The doctrine of Native Title has its origins in the case of Mabo v Queensland (No. 2) when the High Court made its decision to overrule the claim that Australia was ‘terra nullius’. There are substantial similarities within the Gove Land Rights Case 1971 and Mabo. Mabo (No. 2)’s success created the Native Title Act 1993 (Cth) and the National Native Title Tribunal (NNTT) which were “enacted in order to provide an administrative structure to channel native title claims” (Kelly & Behrendt 2007, pp. 76-77). In 1982, Eddie Mabo lead a group of people from the island of Mer in the Torres Strait to claim ownership of the Murray Islands. In a pre-emptive movement, the Queensland government passed legislation to extinguish without compensation any rights Torres Strait Islanders had to land prior to sovereignty in 1979 (AIATSIS 2008). This legislation was challenged in the High Court, which decided that it was in violation of the Racial Discrimination Act 1975 (Cth). This became known as Mabo (No. 1) as they could now proceed with their original case. In handing down the judgement for Mabo (No. 2), the judges decreed that “the Meriam people are entitled as against the whole world to possession, occupation, use and enjoyment of the lands of the Murray Islands” (Mabo v Queensland 1992). This eliminated the legal fiction of the doctrine of terra nullius, paving the way for Aboriginal groups to claim Native Title in the future and therefore showed that the courts could be a successful avenue for change.

Despite the success of Mabo (No. 2) the case of the Wik Peoples v Queensland (1996) show the limitations of the Native Title Act 1993 (Cth).

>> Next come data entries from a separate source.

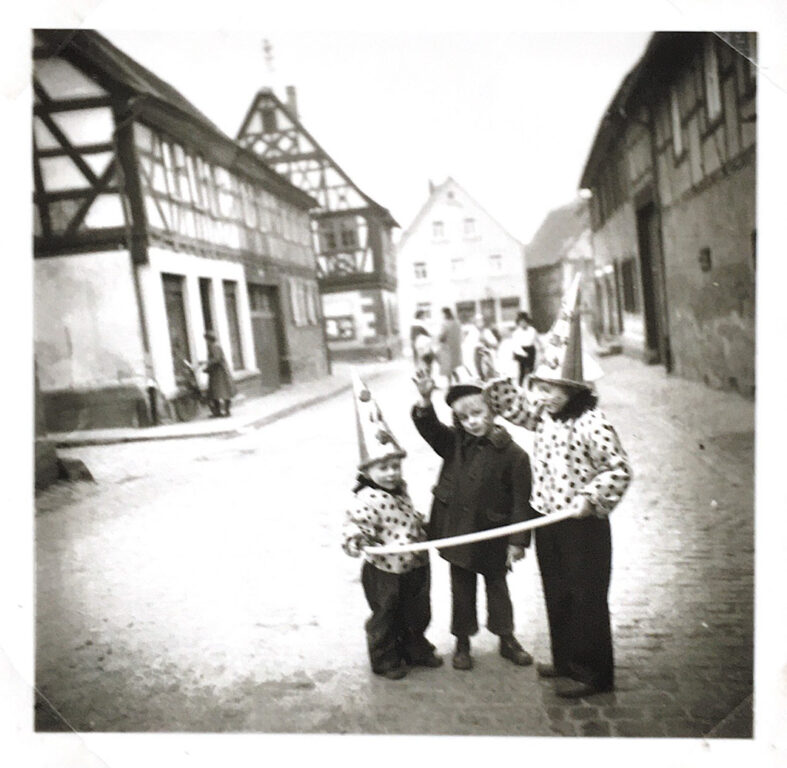 Fasching in Wenigumstadt 1959,  Obere Straße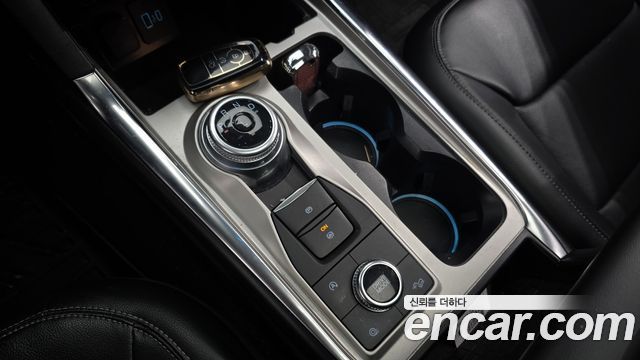 Ford Explorer 2021 — photo 9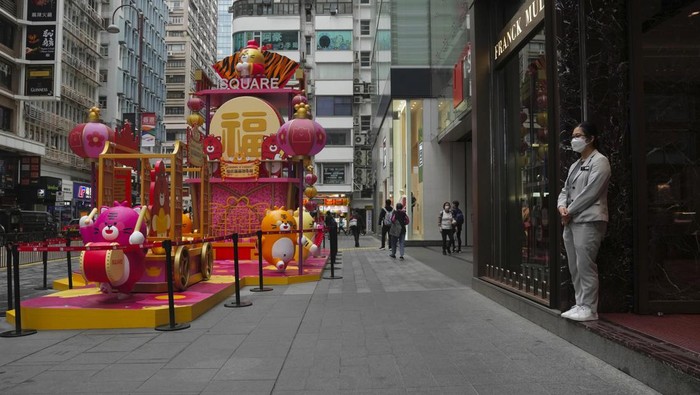 Hong Kong memangkas masa karantina bagi pelancong dari luar negeri. Awalnya masa karantina yang diwajibkan adalah 21 hari namun dipangkas menjadi 14 hari.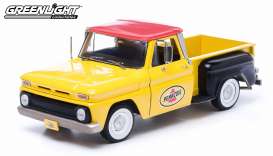 Chevrolet  - C-10 Styleside pick-up 1965 yellow/black - 1:18 - GreenLight - 12873 - gl12873 | Toms Modelautos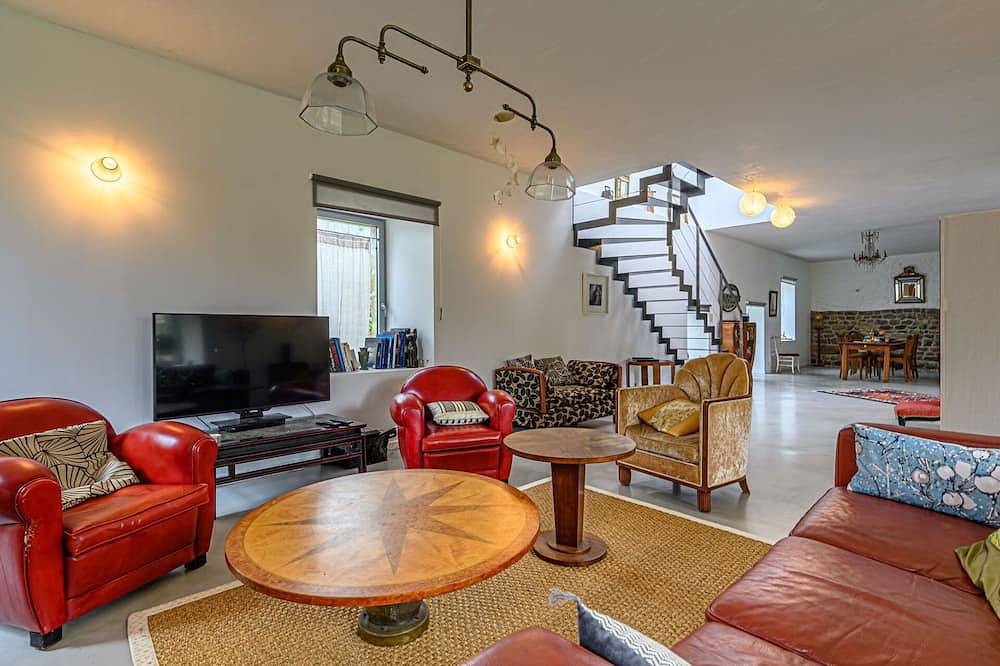 Beautiful private villa for 6 guests with Wifi and Tv in Belz, Côte des Mégalithes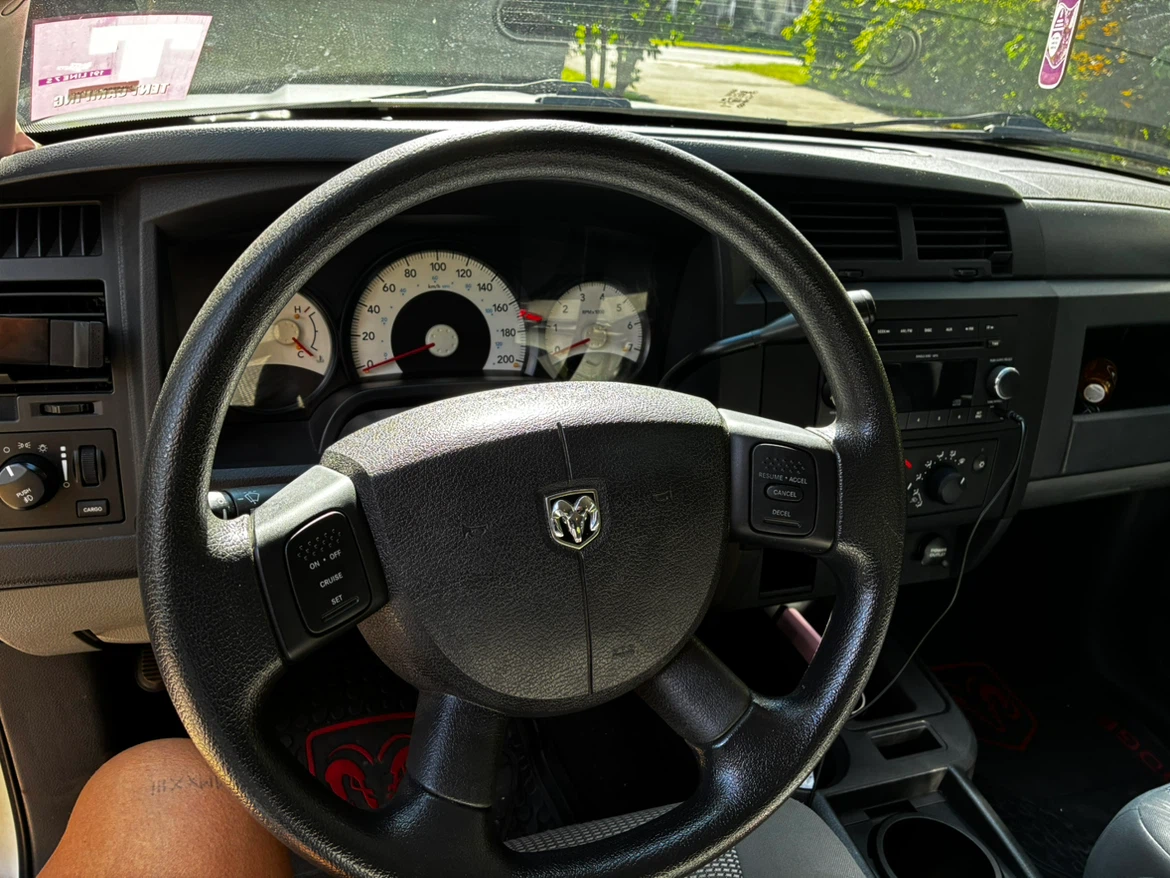 White 2010 dodge dakota - photo 4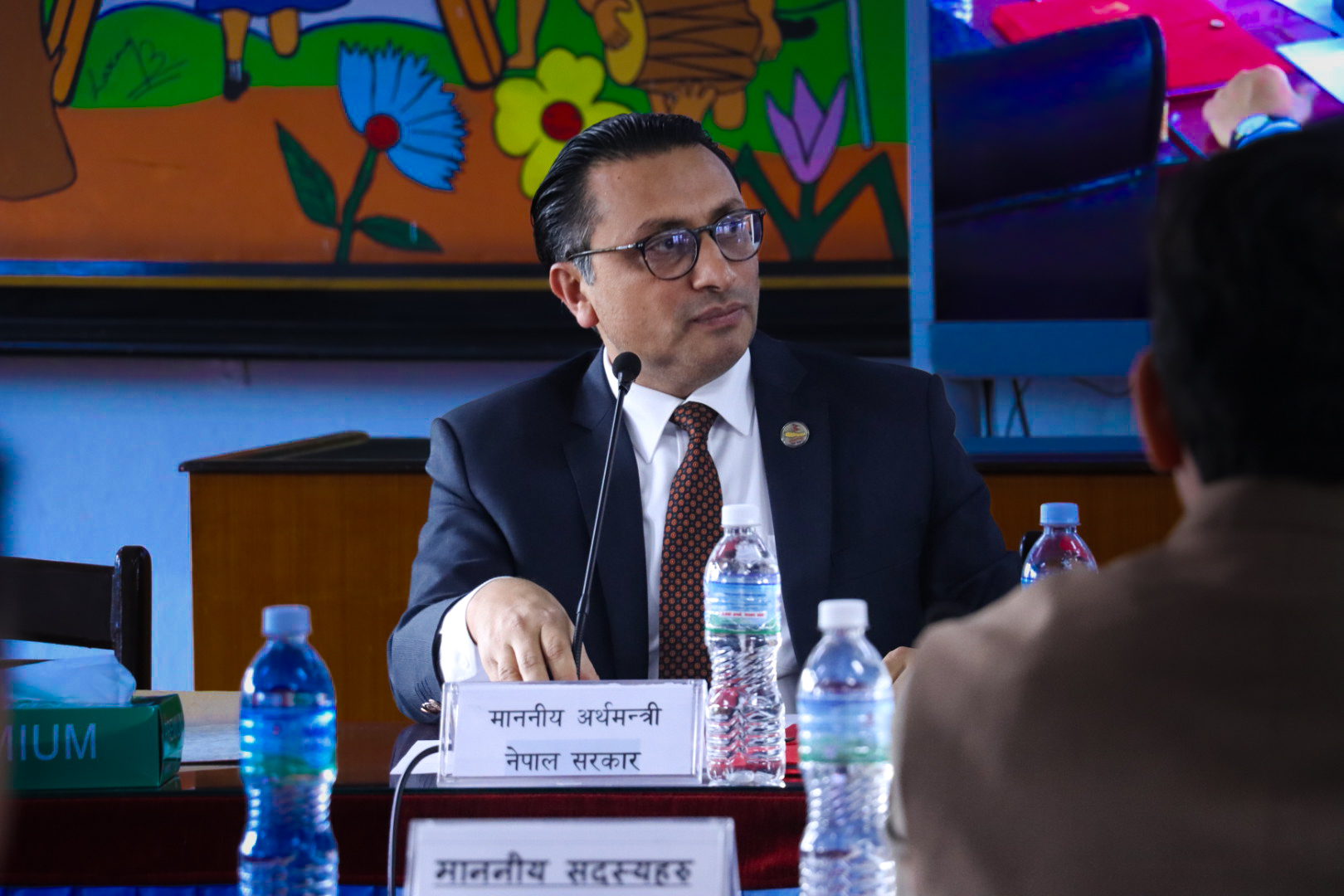 बेइमानी गरेको प्रमाण दिनुस् राजनीति मात्रै होइन सार्वजनिक जीवन नै त्यागिदिन्छु - अर्थमन्त्री वाग्ले
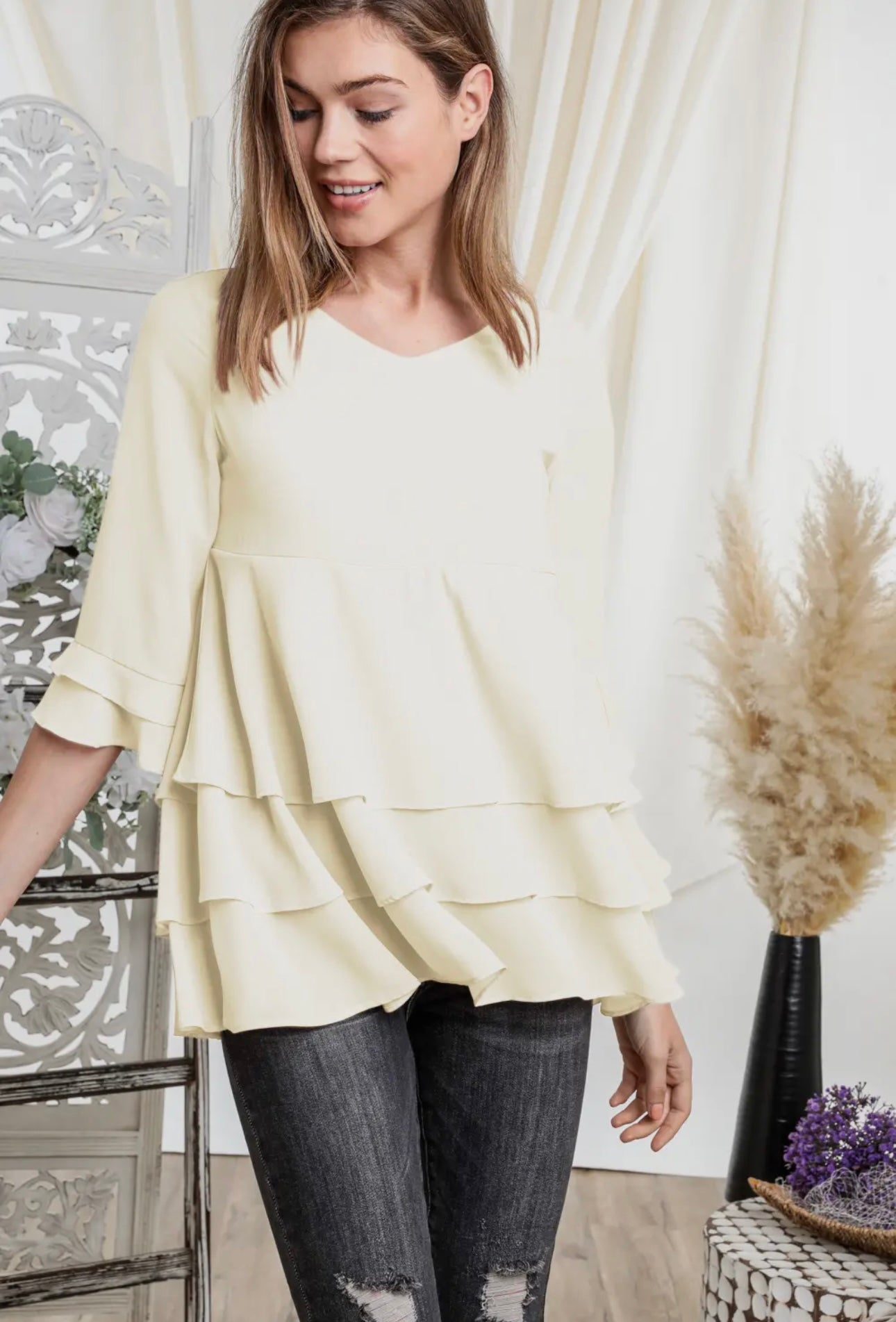 CREAM TIERED 3/4 SLEEVE BLOUSE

The two claims made by the Wik people and the Thayorre attempted to claim that despite pastoral and mining leases, their connection to the land had not been interrupted or extinguished. In a similar but contrasting vain, the Yorta Yorta people made a claim on a parcel of ‘vacant Crown Land’. However, their rejected claims were rejected on the grounds that the connection had been interrupted and they had not sustained their traditional laws and customs on the land in question. The inability to recognise this connection presents the ideological incompatibility of traditional Aboriginal law and customs and Australia’s Western legal system and furthermore, “Native Title does not have the scope to recognise and protect traditional knowledge” (Howden 2001, p. 61). The rejection of claims made by the Wik and Thayorre people show how the Native Title Act 1993 (Cth) upholds the colonial past. The failure of the Yorta Yorta claim shows how traditional Aboriginal laws are irreconcilable within our Western legal system. While Mabo (No. 2) gave hope by overturning terra nullius, the Native Title Act 1993 (Cth) needs to be reformed.

Aboriginal history is inherently a history of political and social activism. Only in recent years have the courts existed as a viable avenue for change. Therefore, in the context of Aboriginal history and the doctrine of Native Title and the land rights movement, while both have had successions of wins and losses, it has been primarily through the grassroots campaigning, community organising and thus social and political activism that Aboriginal people have been able to progress forward.